Tuning modes
Overview
DBtune supports different tuning modes that determine which database parameters can be optimized and whether the database needs to be restarted during the tuning process. The choice of tuning mode depends on your operational requirements and tolerance for downtime.
Reload-only tuning mode
Recommended for production environments
This tuning mode optimizes database parameters without restarting the database server, using only configuration reloads. This approach:
- Causes zero downtime - your database remains available throughout the tuning process
- Is safe for production - no service interruptions or connection resets
- Tunes dynamic parameters - parameters that can be changed without a restart
- Provides significant improvements - most performance gains come from parameters in this mode
How it works
The agent modifies parameters that PostgreSQL can apply dynamically through a configuration reload (pg_reload_conf()
).
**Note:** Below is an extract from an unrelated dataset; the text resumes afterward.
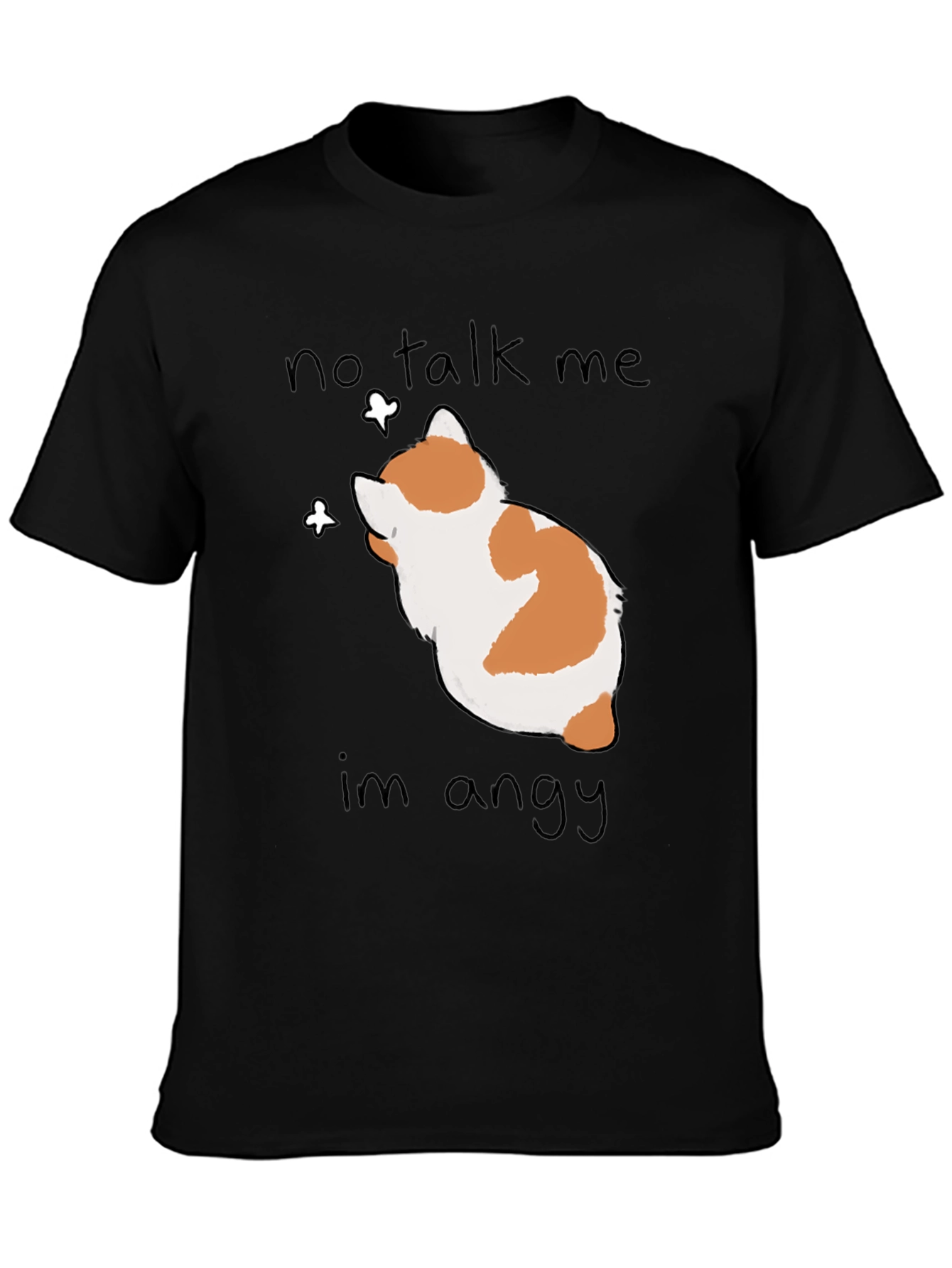 Black No Talk Me I'm Angy T-Shirt - Funny Cat Tee view 3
These changes take effect immediately without requiring a database restart or disconnecting active sessions.
When to use
- Production databases that require high availability
- Systems where downtime is not acceptable
- Initial tuning sessions to validate DBtune's effectiveness
- Databases with strict SLAs or continuous operations
Restart tuning mode
For systems that can tolerate brief interruptions
This tuning mode optimizes additional parameters that require database restarts to take effect. This mode:
- Restarts the database up to 30 times during a tuning session.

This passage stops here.